> _AIM OF THE EXERCISE_
Needed from the data below: every line from the one with "Разделитель для коррекции" up to and including the one with "Stomach fire. Vector", repeated exactly and with nothing else.

> _RECORD SET_
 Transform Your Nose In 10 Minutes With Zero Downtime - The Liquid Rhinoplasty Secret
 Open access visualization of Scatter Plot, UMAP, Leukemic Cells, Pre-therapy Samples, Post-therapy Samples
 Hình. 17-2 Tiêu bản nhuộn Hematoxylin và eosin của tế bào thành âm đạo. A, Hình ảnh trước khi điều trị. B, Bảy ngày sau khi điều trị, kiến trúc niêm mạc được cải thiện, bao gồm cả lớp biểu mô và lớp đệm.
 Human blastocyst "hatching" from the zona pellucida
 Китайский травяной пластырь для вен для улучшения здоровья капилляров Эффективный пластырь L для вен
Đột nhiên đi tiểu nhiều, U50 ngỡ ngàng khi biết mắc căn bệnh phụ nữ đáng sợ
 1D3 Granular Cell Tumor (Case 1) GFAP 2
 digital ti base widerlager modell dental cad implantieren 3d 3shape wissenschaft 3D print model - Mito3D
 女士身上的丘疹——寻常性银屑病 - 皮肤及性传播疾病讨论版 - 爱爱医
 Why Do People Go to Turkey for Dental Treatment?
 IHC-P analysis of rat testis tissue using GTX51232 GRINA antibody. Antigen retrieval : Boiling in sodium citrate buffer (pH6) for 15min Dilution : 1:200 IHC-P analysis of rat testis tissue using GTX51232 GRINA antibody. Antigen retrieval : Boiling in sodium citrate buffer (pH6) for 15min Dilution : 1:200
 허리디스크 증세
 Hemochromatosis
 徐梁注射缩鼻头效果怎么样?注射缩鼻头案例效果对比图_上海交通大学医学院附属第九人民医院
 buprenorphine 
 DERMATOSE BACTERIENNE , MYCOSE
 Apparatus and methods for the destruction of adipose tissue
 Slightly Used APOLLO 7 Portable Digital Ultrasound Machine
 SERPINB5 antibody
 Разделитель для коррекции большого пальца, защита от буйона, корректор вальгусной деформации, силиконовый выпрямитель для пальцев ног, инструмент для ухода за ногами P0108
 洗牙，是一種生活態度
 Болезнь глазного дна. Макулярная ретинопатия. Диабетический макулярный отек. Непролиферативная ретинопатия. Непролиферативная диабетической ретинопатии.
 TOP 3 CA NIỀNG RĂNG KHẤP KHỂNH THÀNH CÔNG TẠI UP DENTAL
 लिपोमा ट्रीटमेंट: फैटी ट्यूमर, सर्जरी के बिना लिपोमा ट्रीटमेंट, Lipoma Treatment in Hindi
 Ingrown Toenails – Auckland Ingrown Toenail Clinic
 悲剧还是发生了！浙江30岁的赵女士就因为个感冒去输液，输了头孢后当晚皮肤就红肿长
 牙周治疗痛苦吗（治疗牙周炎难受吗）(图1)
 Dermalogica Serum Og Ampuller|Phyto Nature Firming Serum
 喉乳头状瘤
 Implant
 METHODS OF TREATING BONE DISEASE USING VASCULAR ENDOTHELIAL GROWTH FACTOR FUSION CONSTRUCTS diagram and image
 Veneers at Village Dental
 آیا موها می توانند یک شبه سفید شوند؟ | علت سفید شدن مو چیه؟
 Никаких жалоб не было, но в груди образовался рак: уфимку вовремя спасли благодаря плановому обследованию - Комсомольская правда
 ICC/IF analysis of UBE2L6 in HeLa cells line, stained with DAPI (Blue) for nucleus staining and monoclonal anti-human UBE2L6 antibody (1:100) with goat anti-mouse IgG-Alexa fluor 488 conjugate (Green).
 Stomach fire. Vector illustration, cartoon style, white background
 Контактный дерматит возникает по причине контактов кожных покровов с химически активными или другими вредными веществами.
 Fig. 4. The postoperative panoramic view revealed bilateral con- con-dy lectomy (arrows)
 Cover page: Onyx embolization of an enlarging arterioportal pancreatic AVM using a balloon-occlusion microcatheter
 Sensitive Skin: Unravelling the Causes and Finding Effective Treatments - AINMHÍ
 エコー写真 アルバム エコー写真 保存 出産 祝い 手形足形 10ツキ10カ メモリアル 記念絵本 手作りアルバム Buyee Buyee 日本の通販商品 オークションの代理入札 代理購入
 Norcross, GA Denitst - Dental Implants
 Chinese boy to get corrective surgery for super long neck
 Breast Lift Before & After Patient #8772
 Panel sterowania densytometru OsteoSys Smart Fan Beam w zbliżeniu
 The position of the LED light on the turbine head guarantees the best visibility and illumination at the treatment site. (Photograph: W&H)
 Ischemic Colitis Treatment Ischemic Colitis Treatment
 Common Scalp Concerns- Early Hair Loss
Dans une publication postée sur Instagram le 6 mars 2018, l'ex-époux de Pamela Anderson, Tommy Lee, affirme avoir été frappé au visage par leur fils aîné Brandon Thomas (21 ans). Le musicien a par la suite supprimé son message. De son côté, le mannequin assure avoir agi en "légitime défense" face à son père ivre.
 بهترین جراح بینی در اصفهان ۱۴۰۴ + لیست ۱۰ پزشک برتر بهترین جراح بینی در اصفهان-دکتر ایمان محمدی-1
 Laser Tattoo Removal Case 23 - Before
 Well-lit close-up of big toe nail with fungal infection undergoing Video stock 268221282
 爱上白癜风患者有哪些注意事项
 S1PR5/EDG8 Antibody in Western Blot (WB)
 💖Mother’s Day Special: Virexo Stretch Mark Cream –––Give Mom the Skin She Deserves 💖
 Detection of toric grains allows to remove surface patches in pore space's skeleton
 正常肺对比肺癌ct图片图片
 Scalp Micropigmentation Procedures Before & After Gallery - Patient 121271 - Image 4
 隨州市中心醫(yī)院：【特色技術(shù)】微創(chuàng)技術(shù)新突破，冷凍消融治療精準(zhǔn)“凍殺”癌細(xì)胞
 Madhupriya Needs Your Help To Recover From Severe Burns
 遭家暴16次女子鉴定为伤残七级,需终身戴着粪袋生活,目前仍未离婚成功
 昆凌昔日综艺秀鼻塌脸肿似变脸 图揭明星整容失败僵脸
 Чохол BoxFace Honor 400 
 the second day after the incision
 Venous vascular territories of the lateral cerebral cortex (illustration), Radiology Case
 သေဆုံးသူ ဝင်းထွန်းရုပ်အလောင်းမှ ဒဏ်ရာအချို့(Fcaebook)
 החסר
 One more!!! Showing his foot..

> _PROBLEM SOLUTION_
 Разделитель для коррекции большого пальца, защита от буйона, корректор вальгусной деформации, силиконовый выпрямитель для пальцев ног, инструмент для ухода за ногами P0108
 洗牙，是一種生活態度
 Болезнь глазного дна. Макулярная ретинопатия. Диабетический макулярный отек. Непролиферативная ретинопатия. Непролиферативная диабетической ретинопатии.
 TOP 3 CA NIỀNG RĂNG KHẤP KHỂNH THÀNH CÔNG TẠI UP DENTAL
 लिपोमा ट्रीटमेंट: फैटी ट्यूमर, सर्जरी के बिना लिपोमा ट्रीटमेंट, Lipoma Treatment in Hindi
 Ingrown Toenails – Auckland Ingrown Toenail Clinic
 悲剧还是发生了！浙江30岁的赵女士就因为个感冒去输液，输了头孢后当晚皮肤就红肿长
 牙周治疗痛苦吗（治疗牙周炎难受吗）(图1)
 Dermalogica Serum Og Ampuller|Phyto Nature Firming Serum
 喉乳头状瘤
 Implant
 METHODS OF TREATING BONE DISEASE USING VASCULAR ENDOTHELIAL GROWTH FACTOR FUSION CONSTRUCTS diagram and image
 Veneers at Village Dental
 آیا موها می توانند یک شبه سفید شوند؟ | علت سفید شدن مو چیه؟
 Никаких жалоб не было, но в груди образовался рак: уфимку вовремя спасли благодаря плановому обследованию - Комсомольская правда
 ICC/IF analysis of UBE2L6 in HeLa cells line, stained with DAPI (Blue) for nucleus staining and monoclonal anti-human UBE2L6 antibody (1:100) with goat anti-mouse IgG-Alexa fluor 488 conjugate (Green).
 Stomach fire. Vector illustration, cartoon style, white background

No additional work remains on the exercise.